Ian McGibboney said...

Jester, is that you?

I'm calling for people to be more discretionary in what they think and consume. And I'm calling on the media to separate its facts from its opinions, and to entrust its power in people who traffic in well-reasoned perspective.

The shooting prompted me to say that, though I've felt that way for a long time. I agree that the shooter wasn't cut and dry one way or the other, and that actually reinforces my argument, because some people have no concept of truth. That's why the professionals should tread carefully.

mtananda said...
This comment has been removed by the author.
Ian McGibboney said...

Ah, gotcha. I thought you sounded smarter than Jester. Hope you're doing well.

Hathor said...

In some radio media markets there are no left wing talk shows. I'd also like to see the ratings of Beck, Hannity vs Maddow, Stewart.

mtananda said...
This comment has been removed by the author.
NOLA Progressive said...

Alright I'm calling Shenanigans on this one. That's most certainly Jester under a different name.

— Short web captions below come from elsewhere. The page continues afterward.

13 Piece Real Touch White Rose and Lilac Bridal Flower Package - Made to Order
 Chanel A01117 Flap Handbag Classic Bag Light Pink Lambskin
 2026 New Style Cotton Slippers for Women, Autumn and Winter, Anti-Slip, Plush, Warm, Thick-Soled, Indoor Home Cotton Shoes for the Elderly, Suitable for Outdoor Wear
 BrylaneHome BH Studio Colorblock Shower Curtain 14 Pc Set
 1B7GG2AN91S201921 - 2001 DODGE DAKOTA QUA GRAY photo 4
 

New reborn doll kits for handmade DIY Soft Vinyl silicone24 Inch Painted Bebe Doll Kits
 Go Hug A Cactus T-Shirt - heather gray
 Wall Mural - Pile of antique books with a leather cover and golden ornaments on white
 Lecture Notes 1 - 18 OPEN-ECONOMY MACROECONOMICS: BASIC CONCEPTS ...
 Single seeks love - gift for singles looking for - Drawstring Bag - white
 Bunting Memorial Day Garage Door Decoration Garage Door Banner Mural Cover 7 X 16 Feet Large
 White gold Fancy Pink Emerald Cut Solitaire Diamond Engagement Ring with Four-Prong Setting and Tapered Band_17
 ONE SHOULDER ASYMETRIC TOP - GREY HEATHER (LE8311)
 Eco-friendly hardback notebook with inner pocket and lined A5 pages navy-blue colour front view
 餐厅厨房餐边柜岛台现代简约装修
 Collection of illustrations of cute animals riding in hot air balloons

Not that it really matters, especially considering the discussion thread is actually civil and relevant, but it is a little creepy though.

Ian McGibboney said...

I think he's posted as mtananda before, too.

Someone calling themselves "banned poster" made a very Alday-like comment the other day on another thread, and I deleted it. Imagination, people. Use it.

NOLA Progressive said...

I don't have any issue with them trying to circumvent the ban. I mean I kinda assumed they would just on principle. What's kinda creepy is the backstory and the complete adherence to form and function of his prvevious indentity. It sort of has the feel of identity disorder.